As you may have guessed, manufacturing processes sometimes behave like constant-cause systems. The causes of variation are commonplace like dice throws. If left to produce parts continually without change, the variation would remain. It cannot be altered without changing the process itself. Statistics provide us with ways of recognizing variation due to common causes. The main one is the control chart. By using a control chart we can separate common causes from the second type, which are called assignable causes.
Assignable Causes of Variability
A change of materials, excessive tooling wear, a new operator — these types of things would produce variation in a process that is different from variation due to common causes. They disturb a process so that what it produces seems unnatural. A loaded pair of dice is another example. Since we know what a regular pair of dice produces over a large number of rolls, we can be reasonably sure a pair of dice is loaded if, after a large number of rolls, we have more 12s than 7s.
When we look for problems in a process we are usually just looking for these assignable causes of variability. Assignable causes produce erratic behavior for which a reason can be identified. One might ask why we are going through all the trouble.
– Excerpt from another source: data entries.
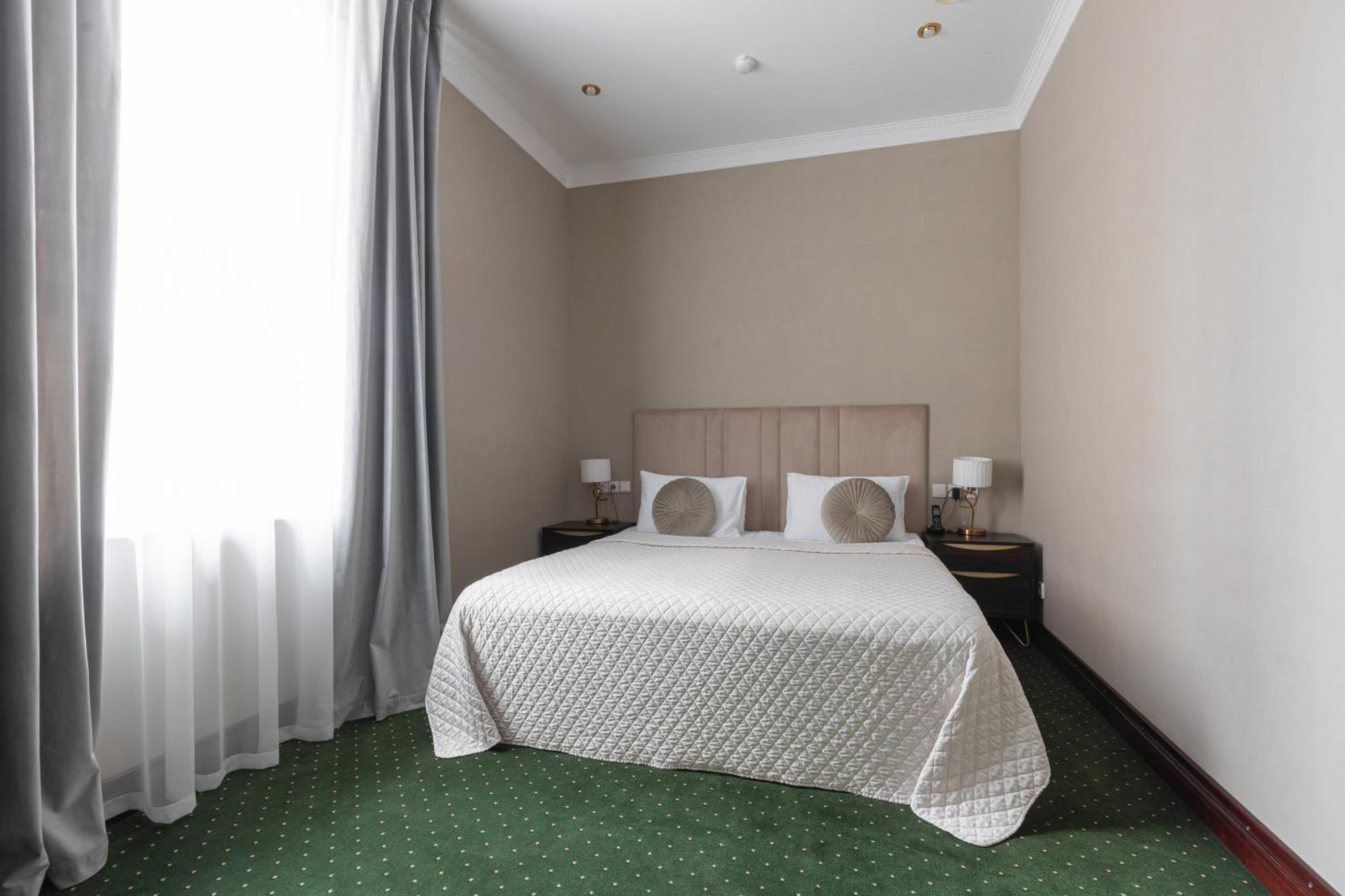 Arcadia Plaza Hotel Odessa Extérieur photo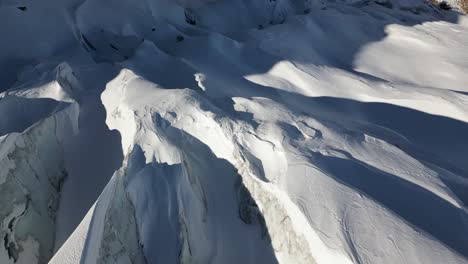 Empuje,-Antena:-Glaciar-Y-Grietas-Con-Nieve,-Alpes-Suizos-En-Invierno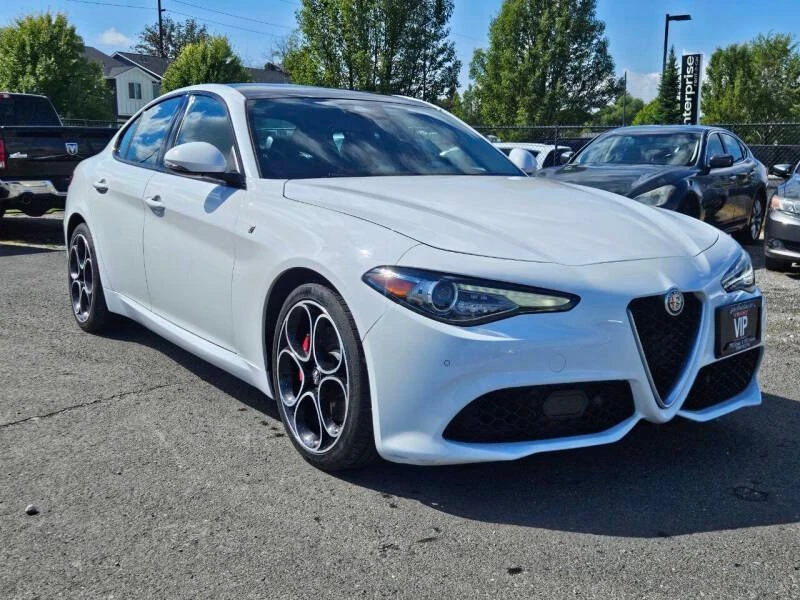 2023 Alfa Romeo Giulia - Image 7 of 17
Why separate assignable causes from common causes when we have to compare parts to a specification anyway? One reason is that we can minimize variability when we know its causes. The less variability we have in our parts, and the closer they are to the target, the happier our customers will be. They will be confident in our ability to supply a good, consistent product with few or no parts out of specification. On the other hand, large variability may result in parts being out of specification.
Choices for many parts of the specification
If there are many parts out of specification, we have three choices: 1) continually inspecting all parts and using the good ones, 2) improving the process until most or all parts are good, or 3) scrapping the process and building a better one. Since 100% inspection is expensive and inefficient in most cases, we are better off trying to improve the process and reducing our inspection load — which brings us back to the process. There is no sense in trying to improve a process that won’t do the job for us. Also, we don’t want to scrap a process that potentially could work like a charm. Therefore, we need a way to determine whether the process can consistently produce good parts. The only reliable method is through the use of control charts to find and eliminate the assignable causes of variation.
Basic Statistical Terms
Before we go on to the basic statistical concepts presented in the following sections, there are some terms that we need to discuss. Refer to Figure 1.3.3 as these terms are presented.
As we collect data, we pull samples from the process. A sample is an individual piece of measurement that we collect for analysis. Samples are usually pulled in rational groups called subgroups. Groups of samples that are pulled in a manner that shows little variation between parts within the group, such as consecutive parts off a manufacturing line, are considered rational subgroups.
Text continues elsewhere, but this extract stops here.